Fond memories of the old co-educational Marlborough College have resurfaced for some of its last cohort of girls, before Marlborough Girls’ College opened in 1963. The Girls’ College this week celebrates its 60th jubilee.
Twins Shirley and Janette Matthews (now Hawtin and Simmons), and Janet Thompson (now Johnson) were among the last students who completed intermediate and started Marlborough College on the same site, which is now Marlborough Boys’ College on Blenheim’s Stephenson St. Beverley Folster (now Woolley) was in the year ahead.
Students the year behind them started form one (year 7) in the newly built Bohally Intermediate in McLauchlan St, beside the Girls’ College.
At Marlborough College, boys and girls had separate classes, except for the “professional” students aiming for university, teachers’ college or nursing training. Outside, boys played on one side of the grounds and girls on the other.
"There’d be a bellow from the staffroom above if we got too close”, Janette recalls. “If a boy liked a girl he’d take out a mirror and shine it on you.”
There was a lot of chatting in the corridors “but nothing silly”.
The group of friends, Shirley, Janette, Beverley and Janet, were all commercial students, taught shorthand and typing. They were expected to leave at the end of the fourth form or partway through the fifth. Getting a job was easy, with plenty of demand for secretaries.

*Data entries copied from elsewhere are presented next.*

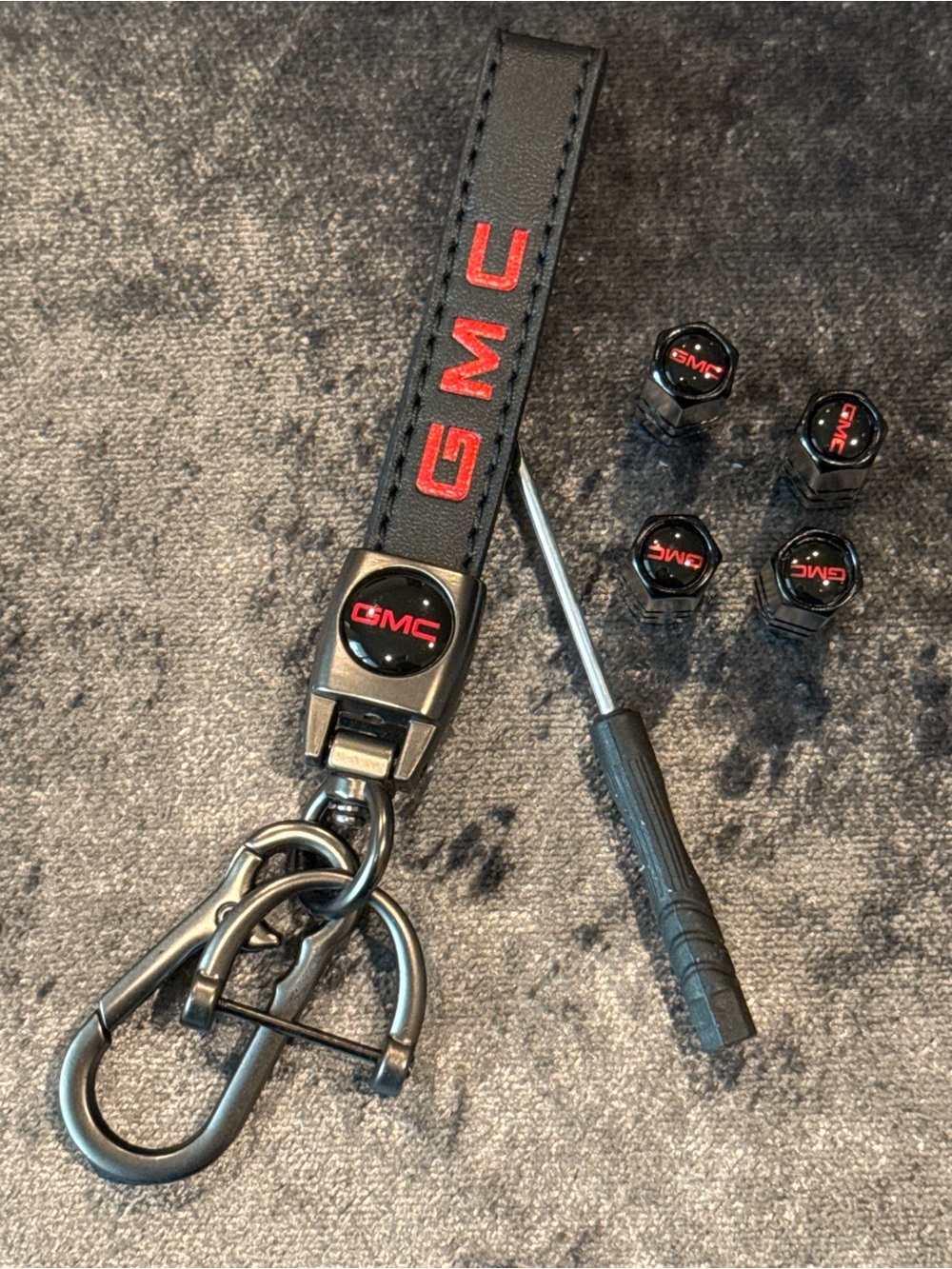 GMC Black Leather Keychain with Red Logo and Tire Valve Caps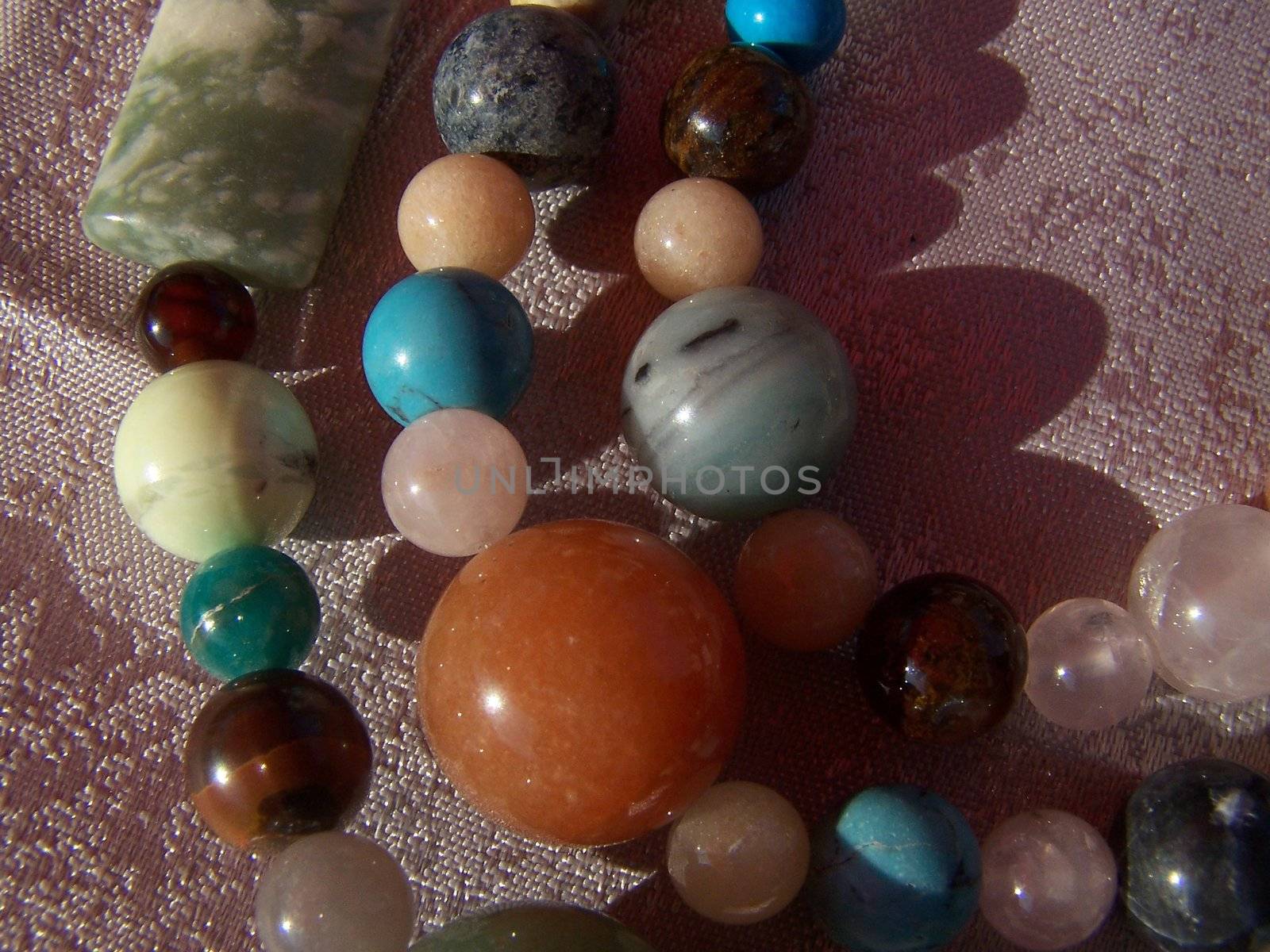 Different colors of gem beads. Close up.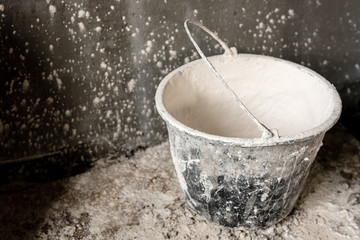 Construction bucket with lime. © Natallia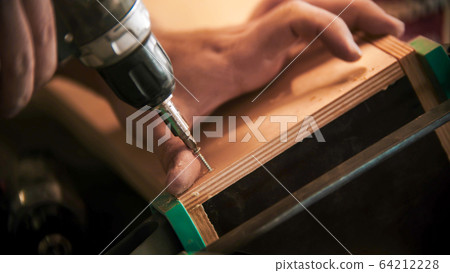 Carpentry working - man worker drills screws into the piece of plywood 64212228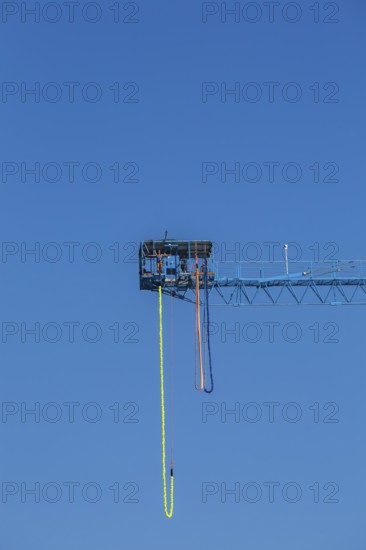 Montreal Bungee Tower installation with dangling long yellow elastic bungee jumping cord and woman ready to jump, Old Port of Montreal, Quebec, Canada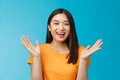 Close-up friendly happy cute asian female student clap hands joyfully, smiling broadly looking funny amusing performance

“We didn’t even think about university,“Shirley says. “We weren’t encouraged do anything adventurous but to work as a secretary, get married, buy a house in Blenheim
We didn’t consider flatting or travel.”
Girls from wealthier families were more likely to take professional courses and get university entrance — which was quite prestigious — and qualify as prefects, who were all sixth form (year 11) or second year
Practical girls focused on cooking and sewing in home-life classes and practical boys learnt agriculture, trades and engineering.
An assembly started each day with a hymn and scripture reading, although
Catholic pupils went to St Mary’s instead.
Janette, who lived at Spring Creek, joined Picton students on a special train to school. Boys sat in one carriage and girls in the other, separated by Miss Watson, the girls’ principal, stationed between the two. Climbing the Elevation north of Picton, the train would move two feet forward and slide back one on the ice-covered rails. Summer tunics and white blouses were ironed every night, worn with berets and gloves with socks pulled up. In winter, suspenders supported black stockings worn with blue and white gingham bloomers.
Girls were made to kneel at regular uniform checks where skirts that didn’t touch the ground were deemed too short. Jewellery was forbidden.
Ponytails became unpopular after Miss Watson said “a horse only lifts its tail for one reason”.
Everyone competed in athletics at the annual sports week. There was also netball with matches against Nelson and Christchurch teams, with players billeted (put up in people’s homes) and attending socials at night.
There was no life education at school or home, and no mention of adolescence or sex.
Teachers remembered with affection include Miss Couch who played the school’s grand piano, glamorous home science teacher Miss O’Neill who wowed the girls with dresses she’d made, plus gentle and kind Mrs Jones who taught shorthand and typing.
The women say they are pleased that Marlborough Girls’ and Boys’ Colleges are to be co-located, saying they enjoyed sharing their schooldays with boys.